Governments in many countries, Mr. Sobhan argued, no longer have the resources to shoulder their responsibilities, and are being reduced to "mere coordinating agencies" for aid donors. These external actors have appropriated the development policy agenda, getting governments to implement the policies they formulate by attaching conditions to their assistance.

"No area has been more affected by this process than the area of reproductive health and family planning," he said. Conflicting recommendations by various international donors that provide resources for family planning programmes sometimes result in "projects with competing aims, and a waste of resources."

The concept of "civil society" -- the focus of the round table -- has been abused over the years, he continued. Non-governmental organizations (NGOs), he argued, do not by themselves constitute civil society, which includes citizens engaged in civic mobilization to improve their communities. Many of those actors have organized locally on issues like family planning, improving the environment, or opposing military dictatorships in Bangladesh’s case. Civil society predates today’s NGOs, dating back more than 100 years in the Indian subcontinent, for instance, to protests against the burning of widows.

Governments are being downsized, demoralizing civil servants, and many of their functions are being taken over by privatization on the one hand, and "NGO-ization" on the other.

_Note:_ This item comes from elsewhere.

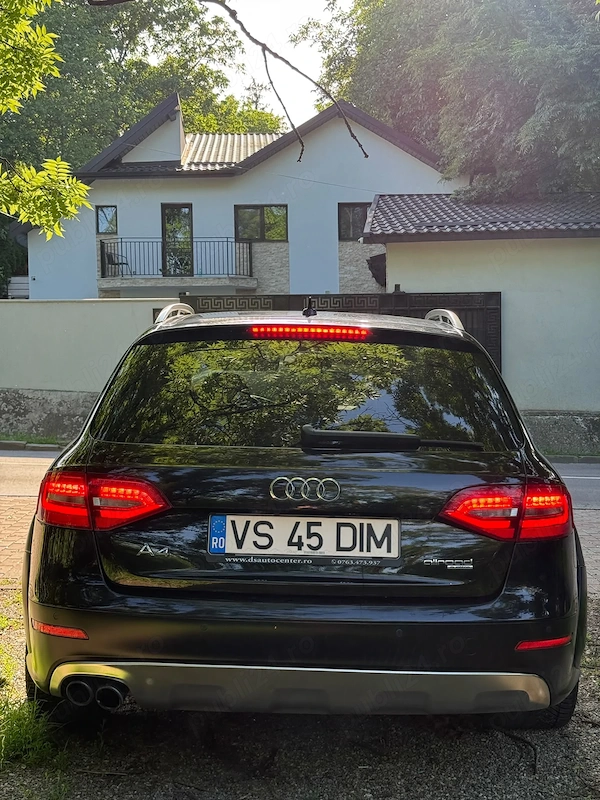 AUDI A4 allroad 2013 — imagine 3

Ironically, he contended, the increasing reliance on NGOs to carry out programmes has weakened and disempowered civil society in many nations. As NGOs have grown from small, spontaneous civic groups into large, externally funded groups with many employees, they have become less transparent, and accountable only to their donors, not their constituents.

Small and effective civil society groups should be mobilized to counter well-funded forces that are actively opposing the ICPD’s reproductive health agenda, he suggested. He also called on round-table participants to suggest ways that States and civil society can cooperate on reproductive health and related issues.

In her statement to the overview plenary, Ms. Brueggemann said partnerships between governments and civil society must strike a balance between cooperation and a clear demarcation of the respective roles of each sector or organization.

"NGOs must not allow governments to abdicate their social responsibility," she stressed. They should continue to act as "a nagging force" advocating for change. They should retain their independence by stating clearly under what terms they will enter affiliations. In cooperating with governments and other sectors of civil society, NGOs can perform a variety of functions: they can establish and develop sexual and reproductive health as a movement; act as watchdogs; set and monitor standards; become donors; and provide technical assistance. They should restrict their activities to those they can carry out effectively, with a proper division of labour between them and governments.

Partnerships and networking -- with less exclusivity -- should become the norm throughout the world, Ms. Brueggemann said. NGOs should work to overcome resistance to dialogue with governments and other NGOs, she concluded.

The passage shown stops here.